Recently, I’ve been thinking a lot about what a wedding is truly all about. Sure, you have the food, the dancing, the favors, the glitz and glam, but have you ever stopped to ask yourself why you are getting married in the first place?

At its core, a wedding is supposed to be a celebration of love. It brings together two families, two sets of friends, two different groups of coworkers, who couldn’t wait to rejoice in your honor. But for some reason,  many brides tend to overlook this aspect and focus more on the tiny details—details that no one else in attendance will most likely even notice.

Don’t get me wrong—every bride and groom should have a list of items that is most important to them. Whether it be the linen, the centerpieces, the food or the entertainment, there are usually 1-2 large components that, after evaluating the wedding day, seem to mean the most. However, your wedding planning should not feel like an arduous task.

While in a meeting with one of my brides last week, she began to tell me a little bit about her best friend’s wedding that is coming up shortly. When discussing the bride’s planning experience, she said: “She told me that she just can’t wait for the honeymoon. She just wants the wedding to be over at this point.”

WHAT?! The wedding is supposed to be the height of the experience! If you find yourself lost in a sea of details with only dreams of post-wedding peace pulling you through, there are several items that you need to reevaluate:

1) Are all of the small details that you are incorporating necessary? Are they worth the stress that you are putting on yourself to make them a reality? What items are a must for you and your fiancé? If you can live without the customized mason jars on the bar, nix them. You’ll thank yourself in the end for saving both time and money on something that wasn’t that important to you in the first place.

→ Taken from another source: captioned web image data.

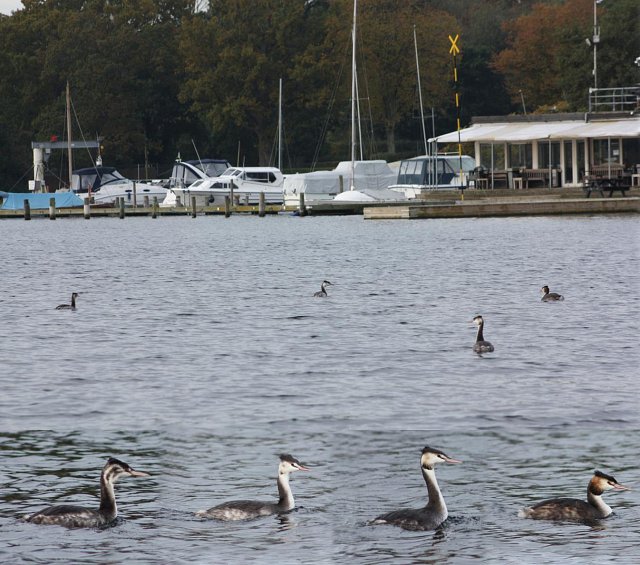 grebes swimming near boat basin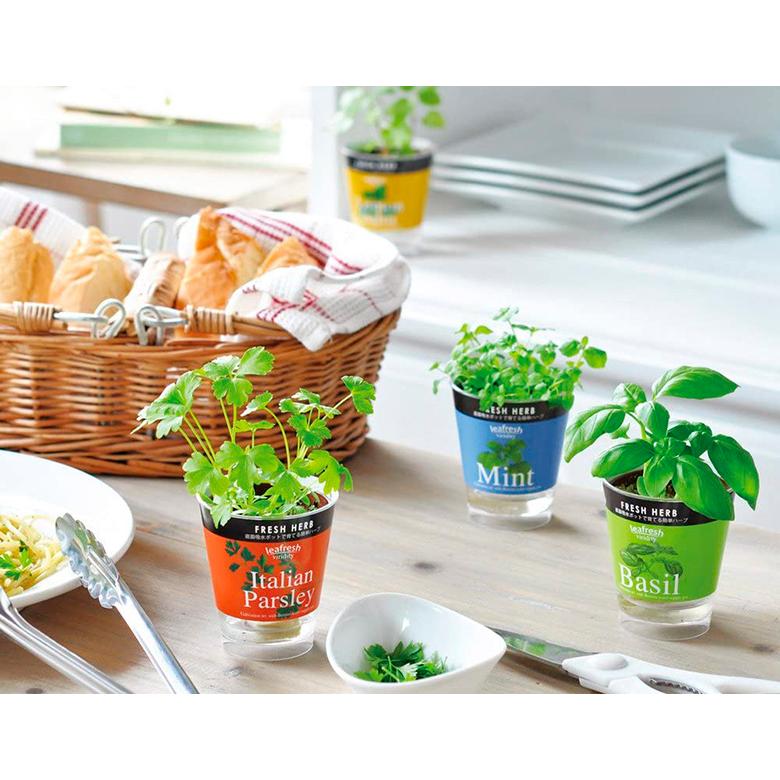 栽培セット 栽培キット 家庭菜園 GD-363 フレッシュハーブ 4種類から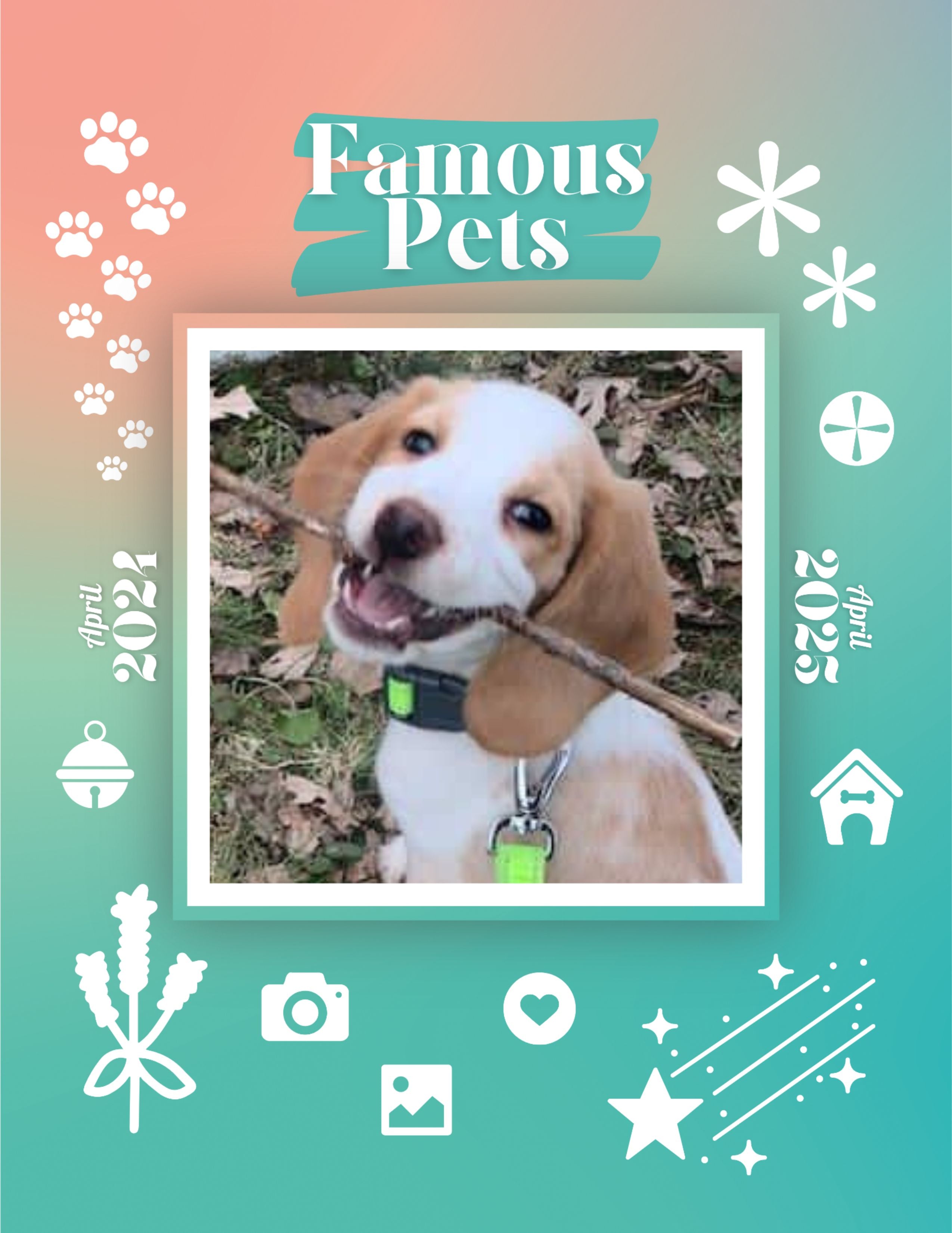 Famous Pets: April 2024-April 2025 Wall Calendar (Pre-Order) – Praise ...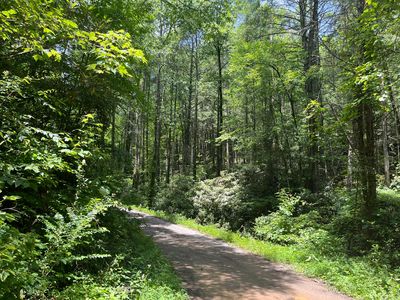 0 Tinker Branch Rd, Reliance, TN, 37369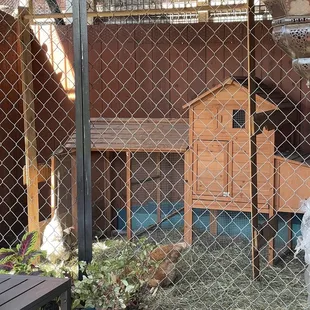 Chicken coop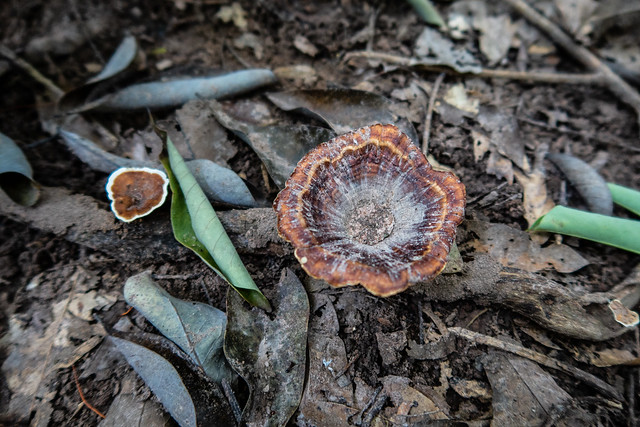 Unidentified mushroom 1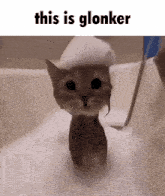 Glonker Cat GIF - Glonker Cat Meme GIFs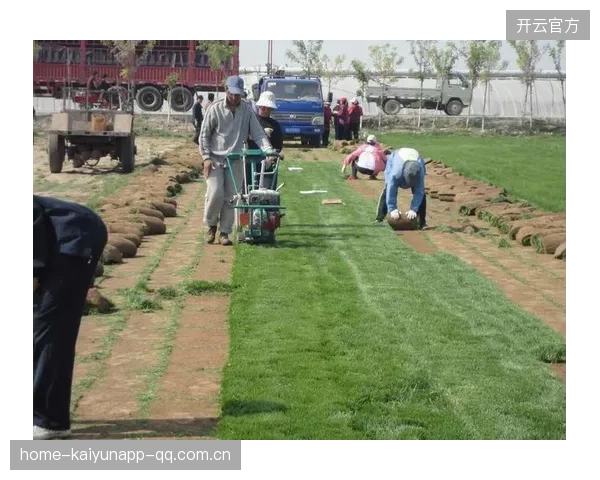 球场农业草皮技术推广：降低维护成本，提升性能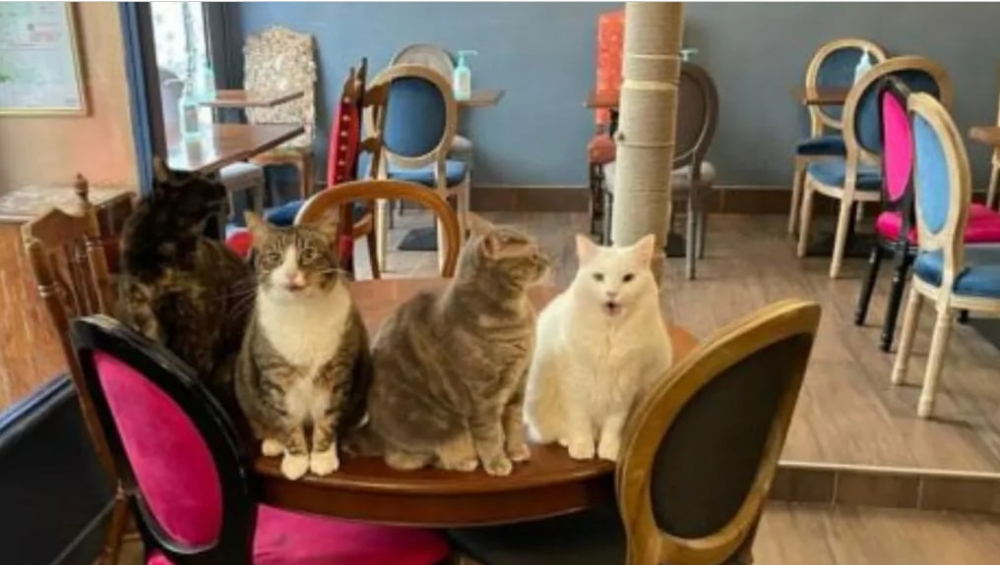 Le Café des Chats - Paris, Pháp Ảnh: Le Café des Chats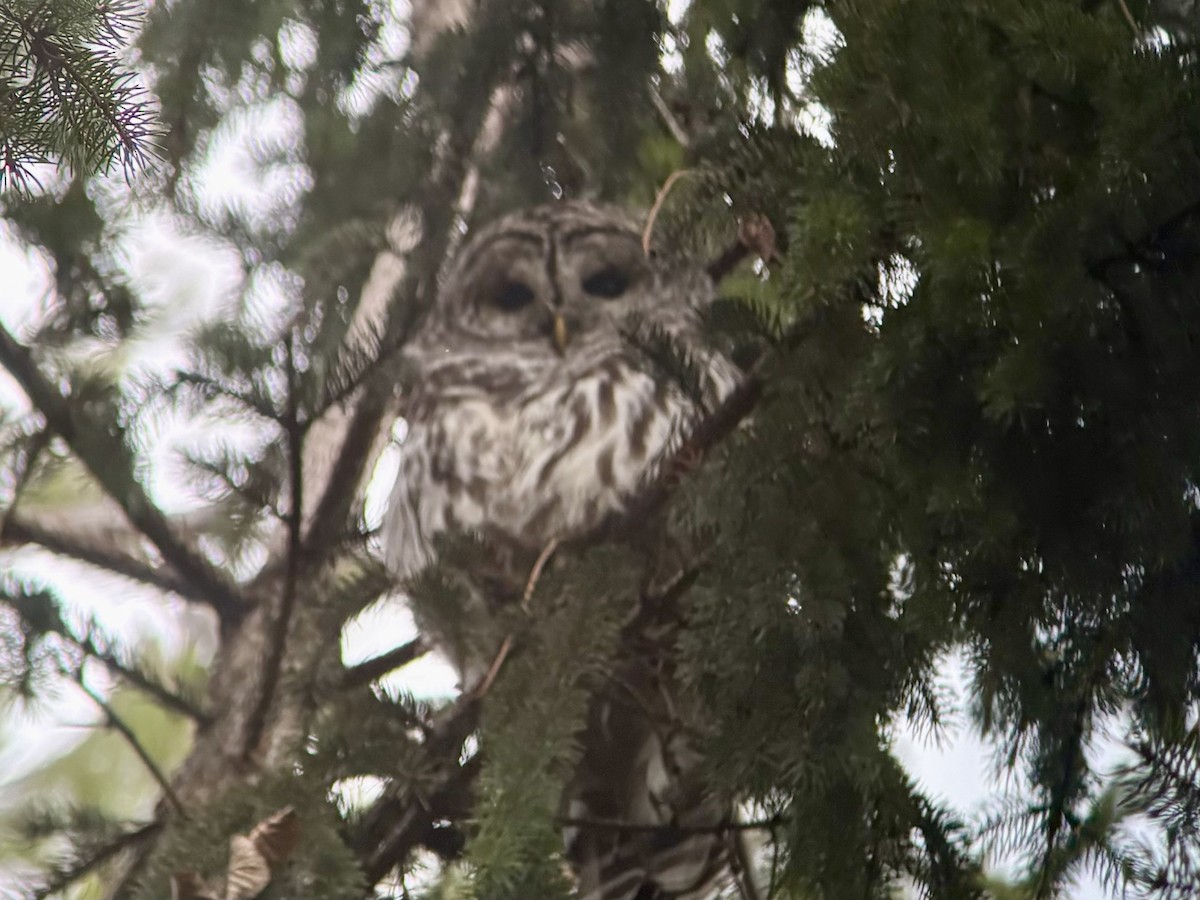 Barred Owl - ML645956482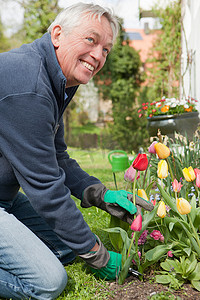 一位老人在后院切花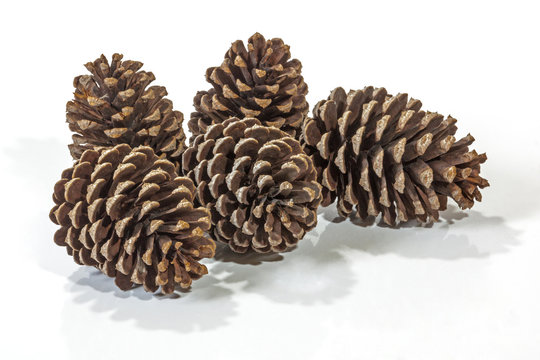 Five Natural Brown Pine Cone Patterns and Textures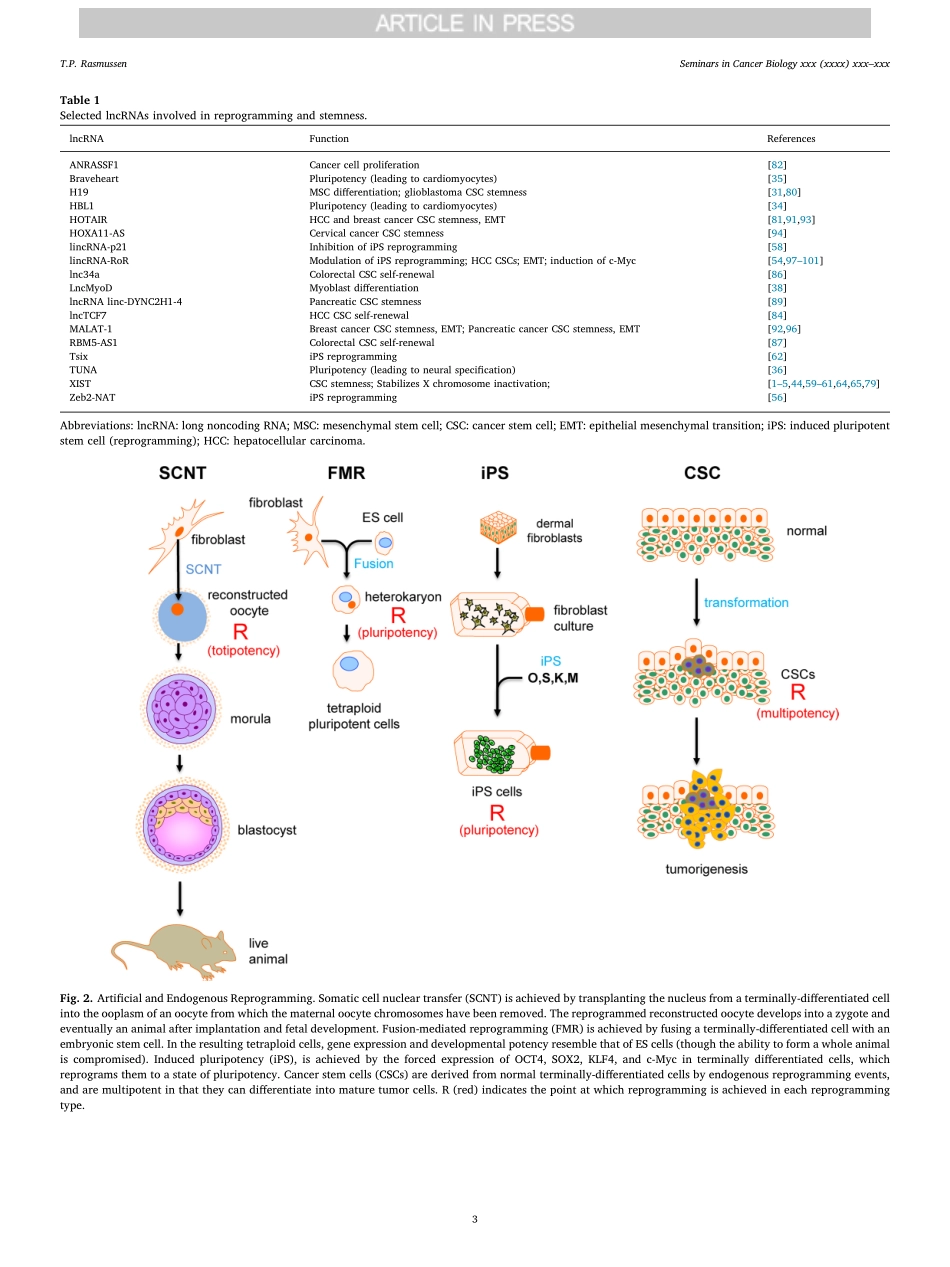 Rasmussen-2018-Parallels between artificial re.pdf_第3页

2) Who is taking care of your day-of setup? If your venue does not come with a coordinator, hire a day-of planner. They are professionals with a heightened sense of task/time management. After a few meetings and phone calls, your day-of setup will be in phenomenal hands, removing more weight off of your shoulders.

3) Are there other obligations currently taking up time that you would otherwise use to plan? A lot of my couples are in the process of buying a house or earning a degree. If other tasks require that sacred free time, hire a wedding planner. Just as you would hire a DJ to handle your music and a florist to handle your centerpieces, a planner will be able to execute your vision to a T. Invitations, favors, escort cards, DIY projects and more can be taken care of by the capable skill-set of a professional planner.

4) Finally, step away from the Pinterest Board. Remember, while a lot of the ideas on Pinterest are gorgeous and entirely doable, there are also a lot of photos that are staged (created for photo shoots). If all of the ideas swirling around you seem overwhelming, take a step back. You may need an uninfluenced moment to think of something more original, achievable, and most of all, worth your time and energy.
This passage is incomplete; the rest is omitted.